[Supplied records — start]
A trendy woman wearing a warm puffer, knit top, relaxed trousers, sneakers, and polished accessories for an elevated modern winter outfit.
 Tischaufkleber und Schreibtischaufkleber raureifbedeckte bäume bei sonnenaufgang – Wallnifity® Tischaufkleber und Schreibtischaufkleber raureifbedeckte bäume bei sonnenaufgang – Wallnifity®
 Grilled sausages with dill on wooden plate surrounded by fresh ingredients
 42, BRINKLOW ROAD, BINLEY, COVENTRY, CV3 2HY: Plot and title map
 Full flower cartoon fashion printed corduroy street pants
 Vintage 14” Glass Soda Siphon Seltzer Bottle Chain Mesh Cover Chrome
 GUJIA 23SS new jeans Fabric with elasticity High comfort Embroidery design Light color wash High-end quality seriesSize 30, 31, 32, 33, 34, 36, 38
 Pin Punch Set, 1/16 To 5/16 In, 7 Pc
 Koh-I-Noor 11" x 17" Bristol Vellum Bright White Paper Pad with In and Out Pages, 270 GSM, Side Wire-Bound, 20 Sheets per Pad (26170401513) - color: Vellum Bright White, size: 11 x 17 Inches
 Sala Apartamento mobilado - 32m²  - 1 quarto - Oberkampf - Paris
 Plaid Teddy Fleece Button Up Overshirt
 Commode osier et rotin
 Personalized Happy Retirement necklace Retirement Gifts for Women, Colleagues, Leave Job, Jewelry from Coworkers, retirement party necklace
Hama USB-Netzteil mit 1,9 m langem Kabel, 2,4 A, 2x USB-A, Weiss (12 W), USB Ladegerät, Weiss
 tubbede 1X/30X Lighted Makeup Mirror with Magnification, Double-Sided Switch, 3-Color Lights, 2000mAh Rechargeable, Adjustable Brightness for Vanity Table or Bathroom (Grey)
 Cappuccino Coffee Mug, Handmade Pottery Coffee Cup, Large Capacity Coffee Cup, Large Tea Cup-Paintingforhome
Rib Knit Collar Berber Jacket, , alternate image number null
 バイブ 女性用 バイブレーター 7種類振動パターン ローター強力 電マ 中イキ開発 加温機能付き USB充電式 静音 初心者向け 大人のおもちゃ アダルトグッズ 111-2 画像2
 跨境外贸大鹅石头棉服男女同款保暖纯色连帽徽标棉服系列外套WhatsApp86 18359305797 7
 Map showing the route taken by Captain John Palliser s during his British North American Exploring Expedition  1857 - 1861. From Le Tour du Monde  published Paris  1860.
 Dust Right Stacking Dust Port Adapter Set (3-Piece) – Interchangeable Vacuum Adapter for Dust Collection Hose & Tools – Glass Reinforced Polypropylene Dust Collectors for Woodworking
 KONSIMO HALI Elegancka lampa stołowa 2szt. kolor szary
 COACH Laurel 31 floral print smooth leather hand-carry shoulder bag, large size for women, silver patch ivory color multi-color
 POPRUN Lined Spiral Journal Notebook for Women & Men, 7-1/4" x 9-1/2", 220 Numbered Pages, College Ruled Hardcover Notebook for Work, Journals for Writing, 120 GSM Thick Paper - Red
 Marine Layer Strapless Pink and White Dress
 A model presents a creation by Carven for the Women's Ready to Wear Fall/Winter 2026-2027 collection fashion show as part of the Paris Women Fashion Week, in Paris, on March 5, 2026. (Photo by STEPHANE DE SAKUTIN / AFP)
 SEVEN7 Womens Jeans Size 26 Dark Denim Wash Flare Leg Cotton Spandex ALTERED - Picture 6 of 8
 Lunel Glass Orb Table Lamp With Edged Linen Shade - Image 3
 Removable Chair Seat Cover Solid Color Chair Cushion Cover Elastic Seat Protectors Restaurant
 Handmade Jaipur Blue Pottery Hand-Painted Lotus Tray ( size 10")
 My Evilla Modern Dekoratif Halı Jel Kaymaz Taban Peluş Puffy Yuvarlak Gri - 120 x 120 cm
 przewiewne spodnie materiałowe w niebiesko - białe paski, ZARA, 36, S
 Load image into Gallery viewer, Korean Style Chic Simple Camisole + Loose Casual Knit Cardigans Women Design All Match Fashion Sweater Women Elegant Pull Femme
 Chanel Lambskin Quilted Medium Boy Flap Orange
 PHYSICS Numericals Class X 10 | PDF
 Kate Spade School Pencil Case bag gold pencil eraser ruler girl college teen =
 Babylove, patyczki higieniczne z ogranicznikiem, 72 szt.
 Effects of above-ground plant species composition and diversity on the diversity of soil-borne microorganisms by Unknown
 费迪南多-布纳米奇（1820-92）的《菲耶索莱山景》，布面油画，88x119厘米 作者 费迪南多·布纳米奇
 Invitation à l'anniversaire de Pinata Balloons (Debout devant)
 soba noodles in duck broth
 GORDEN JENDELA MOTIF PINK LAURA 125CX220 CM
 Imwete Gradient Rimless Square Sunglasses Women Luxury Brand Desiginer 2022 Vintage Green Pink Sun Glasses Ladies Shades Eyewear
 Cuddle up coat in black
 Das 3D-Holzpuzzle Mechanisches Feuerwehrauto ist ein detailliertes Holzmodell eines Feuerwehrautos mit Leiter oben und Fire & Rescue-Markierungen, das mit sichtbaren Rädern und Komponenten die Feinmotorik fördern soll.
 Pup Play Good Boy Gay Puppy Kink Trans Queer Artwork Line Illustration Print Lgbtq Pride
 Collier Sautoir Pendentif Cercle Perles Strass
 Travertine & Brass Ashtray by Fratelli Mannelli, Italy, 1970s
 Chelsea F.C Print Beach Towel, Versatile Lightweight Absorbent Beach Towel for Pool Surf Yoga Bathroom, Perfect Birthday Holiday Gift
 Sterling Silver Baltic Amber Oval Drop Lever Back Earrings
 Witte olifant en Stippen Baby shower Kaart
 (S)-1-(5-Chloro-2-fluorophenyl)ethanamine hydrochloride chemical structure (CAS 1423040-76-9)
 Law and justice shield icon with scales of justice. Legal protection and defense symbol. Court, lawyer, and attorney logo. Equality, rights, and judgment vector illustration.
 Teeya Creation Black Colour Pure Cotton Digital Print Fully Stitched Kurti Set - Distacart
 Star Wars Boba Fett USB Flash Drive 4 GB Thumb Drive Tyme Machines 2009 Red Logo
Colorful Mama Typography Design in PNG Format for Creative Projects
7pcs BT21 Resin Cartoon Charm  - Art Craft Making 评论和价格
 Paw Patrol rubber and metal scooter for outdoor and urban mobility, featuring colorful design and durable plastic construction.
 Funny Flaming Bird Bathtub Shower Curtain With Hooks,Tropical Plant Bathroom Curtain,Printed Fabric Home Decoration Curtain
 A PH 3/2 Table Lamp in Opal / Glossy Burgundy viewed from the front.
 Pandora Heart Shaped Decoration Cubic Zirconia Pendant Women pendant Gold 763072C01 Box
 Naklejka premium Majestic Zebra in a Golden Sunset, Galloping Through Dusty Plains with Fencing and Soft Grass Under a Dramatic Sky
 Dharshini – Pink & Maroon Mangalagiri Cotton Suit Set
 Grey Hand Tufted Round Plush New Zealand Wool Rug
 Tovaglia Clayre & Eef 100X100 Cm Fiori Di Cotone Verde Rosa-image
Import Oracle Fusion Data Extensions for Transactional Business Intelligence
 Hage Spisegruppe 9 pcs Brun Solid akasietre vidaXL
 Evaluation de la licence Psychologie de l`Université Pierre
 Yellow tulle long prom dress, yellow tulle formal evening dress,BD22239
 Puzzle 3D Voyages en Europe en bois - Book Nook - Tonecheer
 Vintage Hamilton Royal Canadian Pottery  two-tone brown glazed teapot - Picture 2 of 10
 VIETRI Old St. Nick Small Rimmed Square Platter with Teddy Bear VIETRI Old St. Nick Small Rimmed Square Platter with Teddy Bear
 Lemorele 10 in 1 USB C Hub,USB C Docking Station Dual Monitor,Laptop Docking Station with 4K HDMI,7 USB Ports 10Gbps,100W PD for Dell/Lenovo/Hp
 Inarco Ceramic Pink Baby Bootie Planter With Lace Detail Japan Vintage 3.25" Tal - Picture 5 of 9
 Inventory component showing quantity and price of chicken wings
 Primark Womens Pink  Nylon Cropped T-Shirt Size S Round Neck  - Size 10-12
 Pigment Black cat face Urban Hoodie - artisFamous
[Supplied records — finish]
_Brief:_ Above are the entries; repeat their lines exactly, from the first through the one that contains "Sala Apartamento mobilado".

_Expected answer:_
A trendy woman wearing a warm puffer, knit top, relaxed trousers, sneakers, and polished accessories for an elevated modern winter outfit.
 Tischaufkleber und Schreibtischaufkleber raureifbedeckte bäume bei sonnenaufgang – Wallnifity® Tischaufkleber und Schreibtischaufkleber raureifbedeckte bäume bei sonnenaufgang – Wallnifity®
 Grilled sausages with dill on wooden plate surrounded by fresh ingredients
 42, BRINKLOW ROAD, BINLEY, COVENTRY, CV3 2HY: Plot and title map
 Full flower cartoon fashion printed corduroy street pants
 Vintage 14” Glass Soda Siphon Seltzer Bottle Chain Mesh Cover Chrome
 GUJIA 23SS new jeans Fabric with elasticity High comfort Embroidery design Light color wash High-end quality seriesSize 30, 31, 32, 33, 34, 36, 38
 Pin Punch Set, 1/16 To 5/16 In, 7 Pc
 Koh-I-Noor 11" x 17" Bristol Vellum Bright White Paper Pad with In and Out Pages, 270 GSM, Side Wire-Bound, 20 Sheets per Pad (26170401513) - color: Vellum Bright White, size: 11 x 17 Inches
 Sala Apartamento mobilado - 32m²  - 1 quarto - Oberkampf - Paris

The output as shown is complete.